There's a place on the North Side of Fredericton - Pro-Am Outfitters if I recall, just across the Burton Bridge from Gagetown that have a fairly decent selection of Danners, Hi-Tec's, etc.

MM


----------



## Redeye (6 Mar 2008)

trencher said:
			
		

> Well went to mark work warehouse. The guy working did not know much about it. But looks like i can posibly Sp-Ord them.
> 
> I wish they had them in stock tho . :'(



Sorry about that - I know they did carry them, I bought a pair there a couple of years ago.  I guess I should have prefaced my response - though I don't see why they would have stopped selling them.

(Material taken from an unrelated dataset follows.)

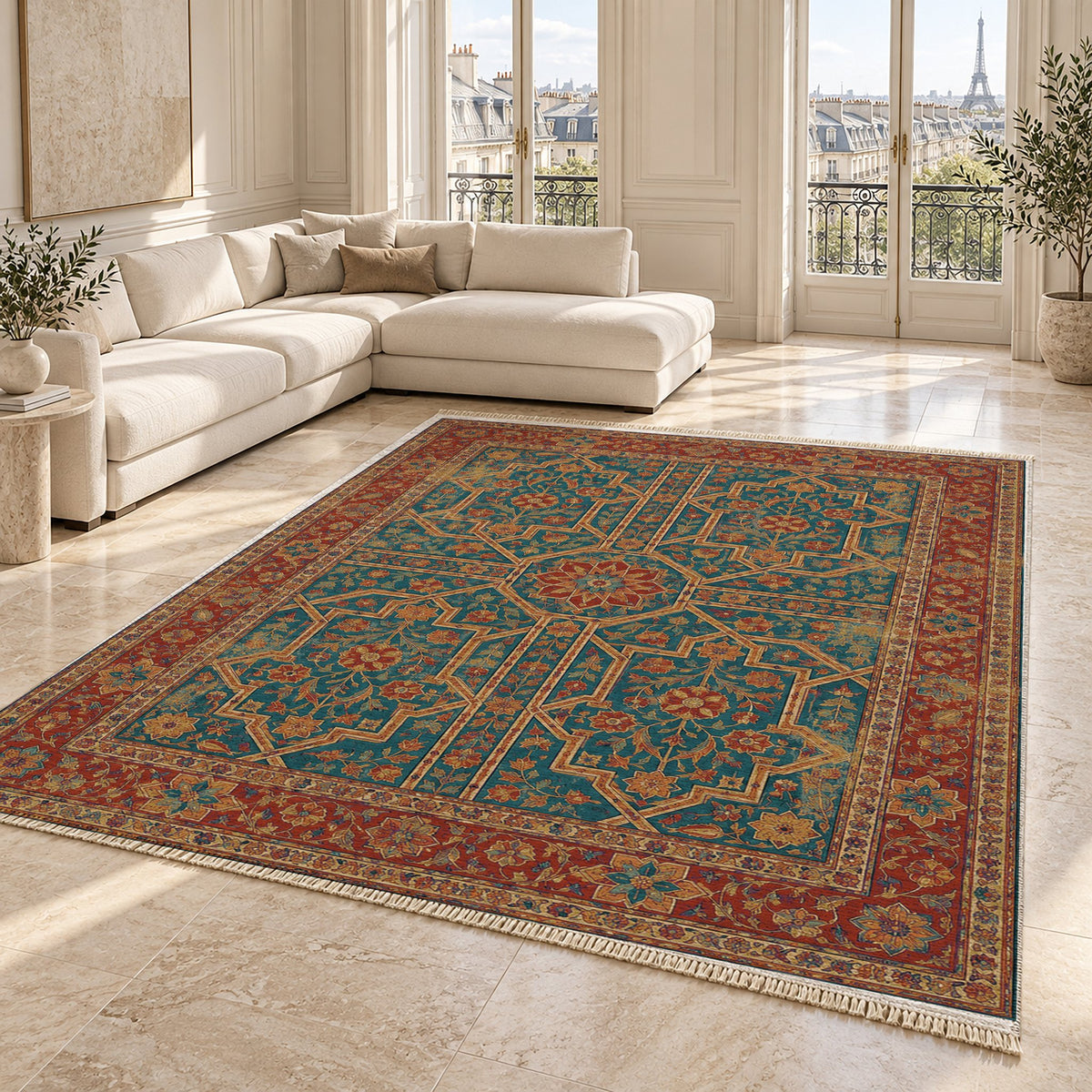 Lions Court Peacock & Ochre washable rug angled room view on marble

+1 on Pro Am as well.  If you know what size you want, you might also want to try eBay.  I buy most of my Go Faster boots on there because the wholesale prices on Danners are so good.


----------



## Morewithless (26 Apr 2008)

I just purchased a pair at the Mark's Work Warehouse beside Cdn Tire in Oromocto.  They also had Magnum desert boots.


----------



## DirtyDog (28 Apr 2008)

Well, if you come anywhere near Pet, Valley Workwear in Pembroke sells a ton of Magnums.


----------



## Scratch_043 (28 Apr 2008)

Mark's in Oromocto does carry them, but I've noticed that they don't have as many sizes as they used to, so if you're a common size, you might have to wait for them to get a new shippment. worth a look though. They're $140 there, if I recall correctly (15% military discount too)


----------



## NL_engineer (28 Apr 2008)

ToRN said:
			
		

> Mark's in Oromocto does carry them, but I've noticed that they don't have as many sizes as they used to, so if you're a common size, you might have to wait for them to get a new shippment. worth a look though. They're $140 there, if I recall correctly (15% military discount too)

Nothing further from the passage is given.